We got to watch these majestic creatures surface in the choppy seas, really punching their rostrums out of the water to make sure they cleared their blowhole above the surface.
Whales can’t cough, so they need to make sure they do not get water in their lungs! These two were enjoying each other’s company as they displayed nose and tail when swimming side-by-side!
With lots of time to continue our search for other types of wildlife, we left the humpbacks and went cruising into Becher Bay. Here you can find beautiful native trees, Bald Eagles, Turkey Vultures, Harbour Seals, and sometimes the mammal-hunting orcas visit looking for a furry snack! We spotted the high gliding Turkey Vultures and a few Harbour Seals, but the orcas were not taking advantage of the shallow, calm bay this morning.
Off we went to visit the Race Rocks Lighthouse Ecological Reserve. Here the islands exploding with life. Steller and California Sea Lions, all bachelors, spend the majority of their day crammed against each other on the rocks. They spend some time in the frigid waters, rolling, playing, and foraging for food as well. They are accompanied by the much smaller Harbour Seals who eat at least 77 different species of fish in our area.
They are adorable little furballs and a favourite menu item for the Bigg’s orcas! Everybody needs to eat!
We decided to swing further south before moving east to see if any other whales might pop up. As we moved closer to the massive groups of birds on the water, we spotted more humpbacks! This time we had an individual and a mother and calf! We shut down as they approached us we got to experience a close encounter as Big Mama dove under the boat! She is covered in bumps all over her back, making her easy to identify. It was apparent that Big Mama lives up to her name- she is HUGE!

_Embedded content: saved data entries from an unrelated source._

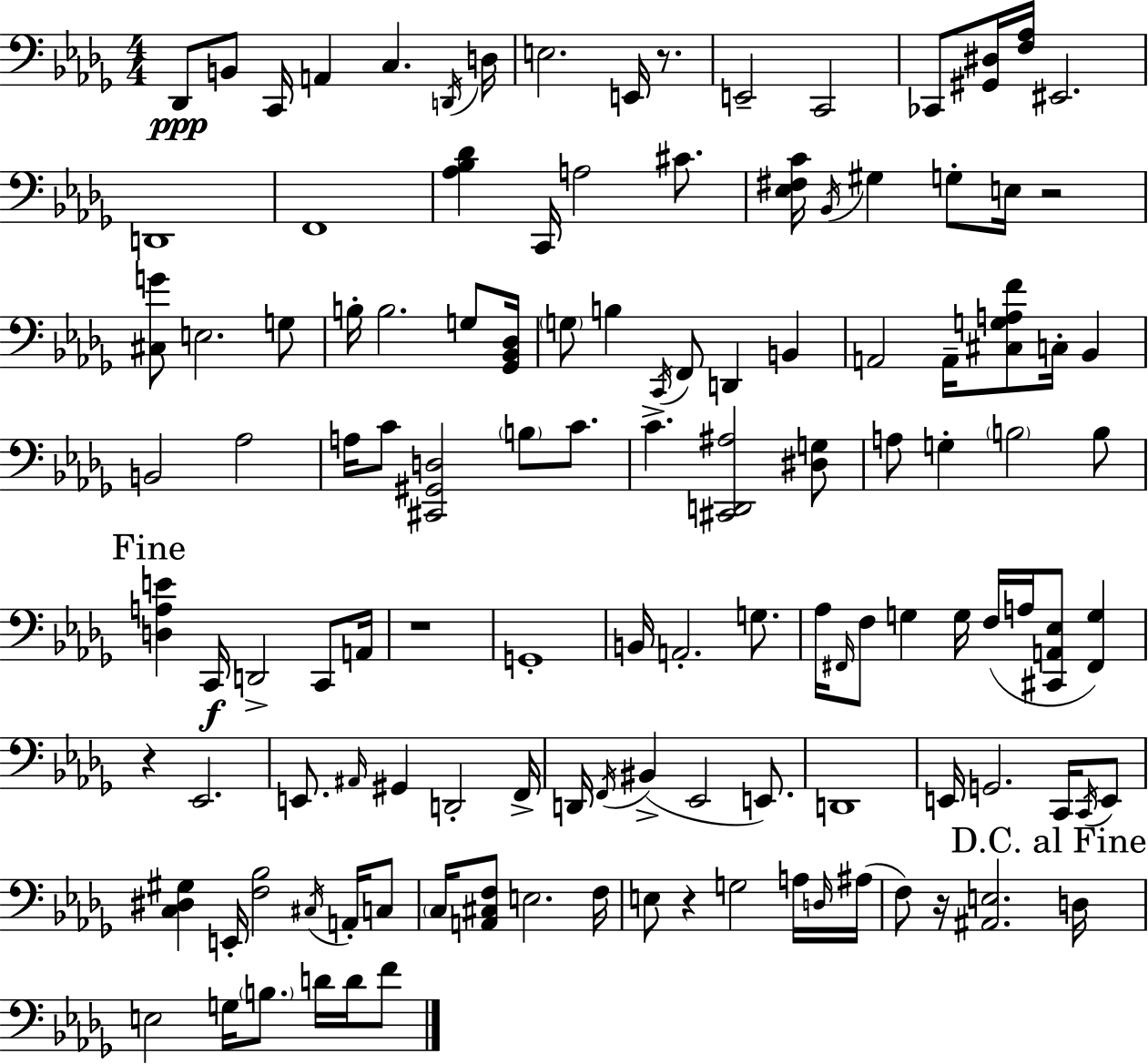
X:1
T:Untitled
M:4/4
L:1/4
K:Bbm
_D,,/2 B,,/2 C,,/4 A,, C, D,,/4 D,/4 E,2 E,,/4 z/2 E,,2 C,,2 _C,,/2 [^G,,^D,]/4 [F,_A,]/4 ^E,,2 D,,4 F,,4 [_A,_B,_D] C,,/4 A,2 ^C/2 [_E,^F,C]/4 _B,,/4 ^G, G,/2 E,/4 z2 [^C,G]/2 E,2 G,/2 B,/4 B,2 G,/2 [_G,,_B,,_D,]/4 G,/2 B, C,,/4 F,,/2 D,, B,, A,,2 A,,/4 [^C,G,A,F]/2 C,/4 _B,, B,,2 _A,2 A,/4 C/2 [^C,,^G,,D,]2 B,/2 C/2 C [^C,,D,,^A,]2 [^D,G,]/2 A,/2 G, B,2 B,/2 [D,A,E] C,,/4 D,,2 C,,/2 A,,/4 z4 G,,4 B,,/4 A,,2 G,/2 _A,/4 ^F,,/4 F,/2 G, G,/4 F,/4 A,/4 [^C,,A,,_E,]/2 [^F,,G,] z _E,,2 E,,/2 ^A,,/4 ^G,, D,,2 F,,/4 D,,/4 F,,/4 ^B,, _E,,2 E,,/2 D,,4 E,,/4 G,,2 C,,/4 C,,/4 E,,/2 [C,^D,^G,] E,,/4 [F,_B,]2 ^C,/4 A,,/4 C,/2 C,/4 [A,,^C,F,]/2 E,2 F,/4 E,/2 z G,2 A,/4 D,/4 ^A,/4 F,/2 z/4 [^A,,E,]2 D,/4 E,2 G,/4 B,/2 D/4 D/4 F/2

We were also excited to watch a playful calf with its mom. The calf was always swinging its tail high in the air, rolling and having fun in the waves. We got to see their tubercles- the bumps on their jaw- as they surfaced.
Tubercles are only found on Humpback Whales and they each contain a nerve hair at their centre. They may use the nerve hairs to detect their food source.
After some great views of Mom and Babe, we headed back to Victoria a bit late, but whales are so worth it!